:: RECORDS FOR PROCESSING ::
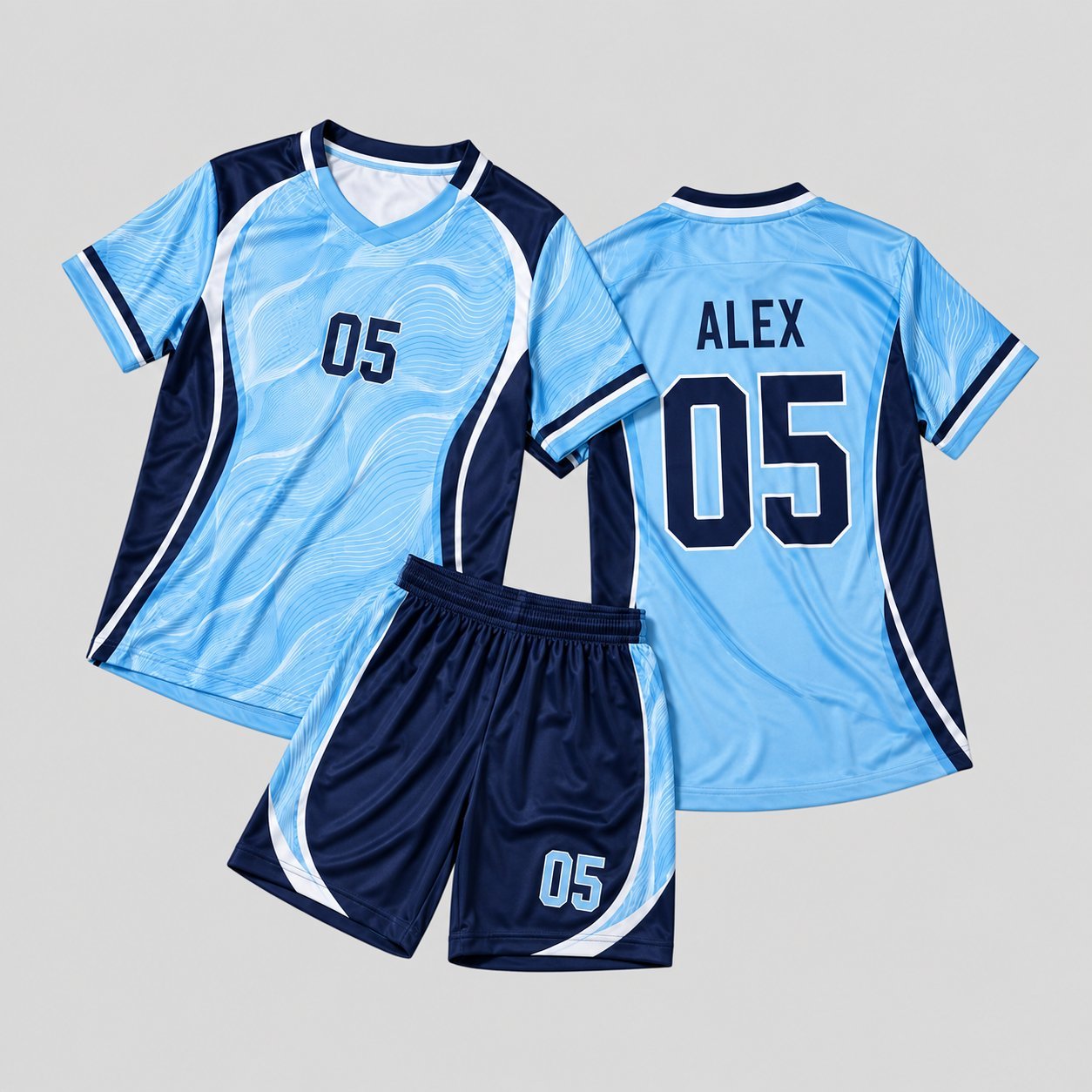 Alex #05 light blue and navy custom soccer jersey with matching navy shorts showing finished name and number customization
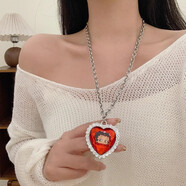 KUXA張澤禹同款夢(mèng)中小鹿珍珠項鏈女小眾高級感長(cháng)款毛衣鏈甜美可愛(ài)配飾 愛(ài)心貝蒂項鏈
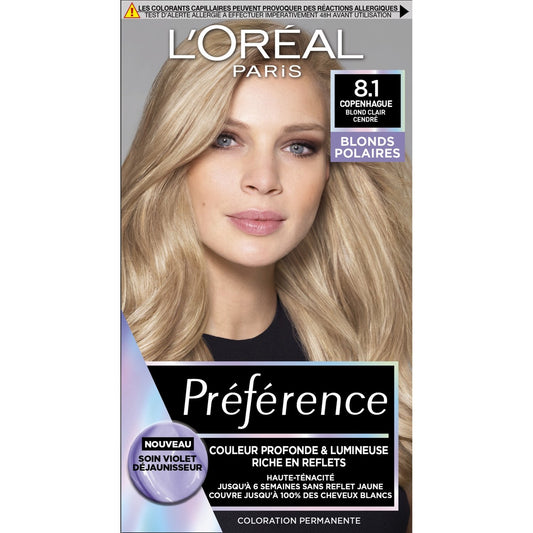 Coloration Permanente 8. 1 Blond Clair Cendré Haute Ténacité Brillance Préférence L'OREAL PARIS la boîte
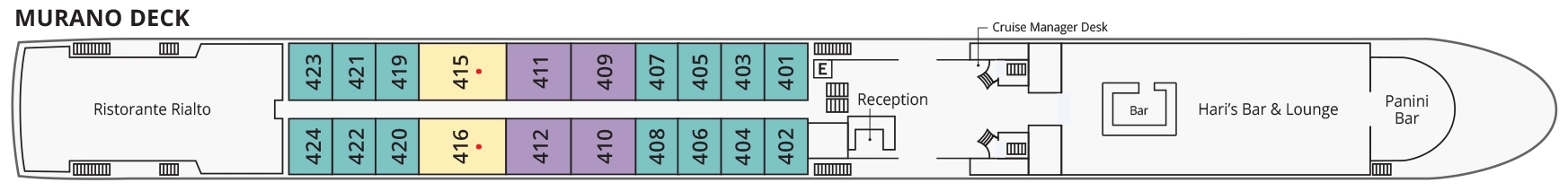S.S. La Venezia, Deck 3: official cabin and venue layout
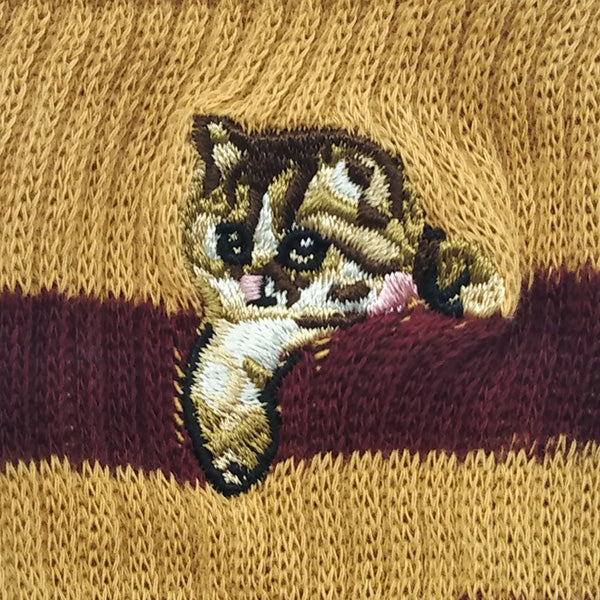 【レディース】ヌネット刺繍　クルー丈ソックス（オレンジ）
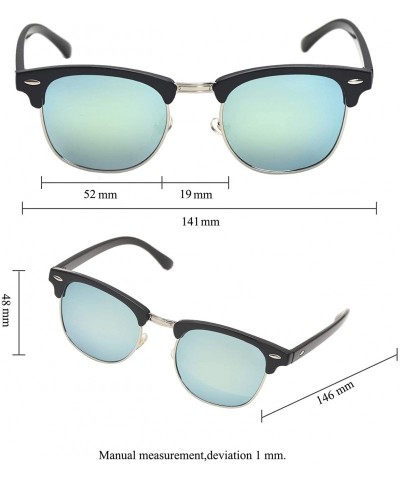 Square Vintage Semi Round Polarized Sunglasses for Men and Women 100% UV Protection Glasses - Green Lens - CS18YH83OTO $19.82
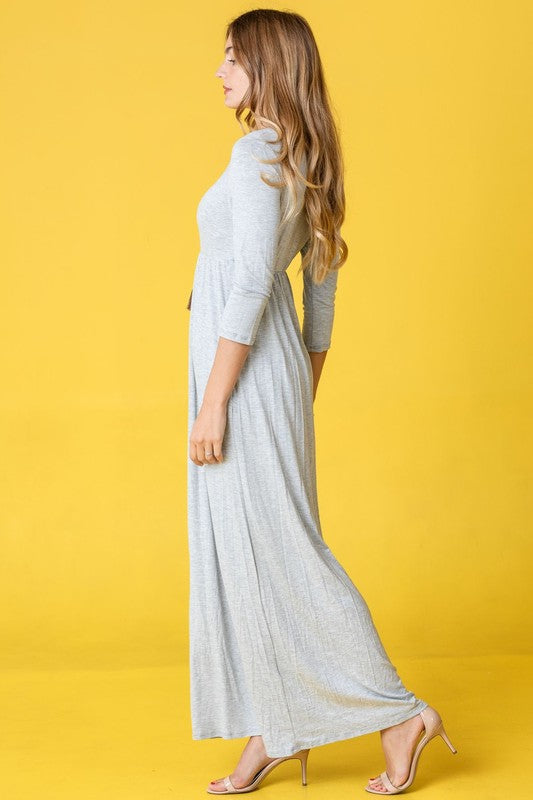 Plus Solid 3/4 Sleeve Maxi Dress Grey 2X by EG fashion | Fleurcouture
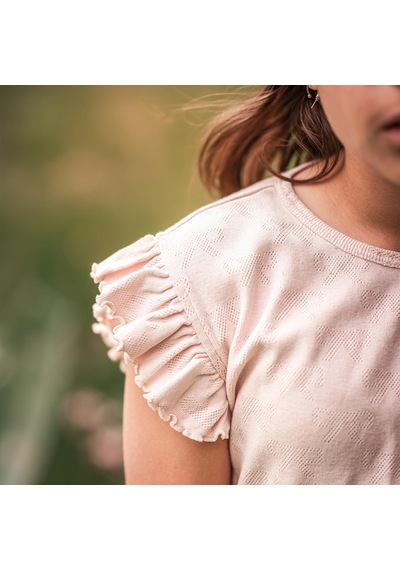 Antebies Kurdele Jakar Fırfırlı Şortlu Pijama Pembe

:: WORK INSTRUCTIONS ::
Give back the listing unchanged. Strip out the pictures.

:: SOLUTION FOR THIS TASK ::
 Alex #05 light blue and navy custom soccer jersey with matching navy shorts showing finished name and number customization
 KUXA張澤禹同款夢(mèng)中小鹿珍珠項鏈女小眾高級感長(cháng)款毛衣鏈甜美可愛(ài)配飾 愛(ài)心貝蒂項鏈
 Coloration Permanente 8. 1 Blond Clair Cendré Haute Ténacité Brillance Préférence L'OREAL PARIS la boîte
S.S. La Venezia, Deck 3: official cabin and venue layout
 【レディース】ヌネット刺繍　クルー丈ソックス（オレンジ）
 Square Vintage Semi Round Polarized Sunglasses for Men and Women 100% UV Protection Glasses - Green Lens - CS18YH83OTO $19.82
 Plus Solid 3/4 Sleeve Maxi Dress Grey 2X by EG fashion | Fleurcouture
 Antebies Kurdele Jakar Fırfırlı Şortlu Pijama Pembe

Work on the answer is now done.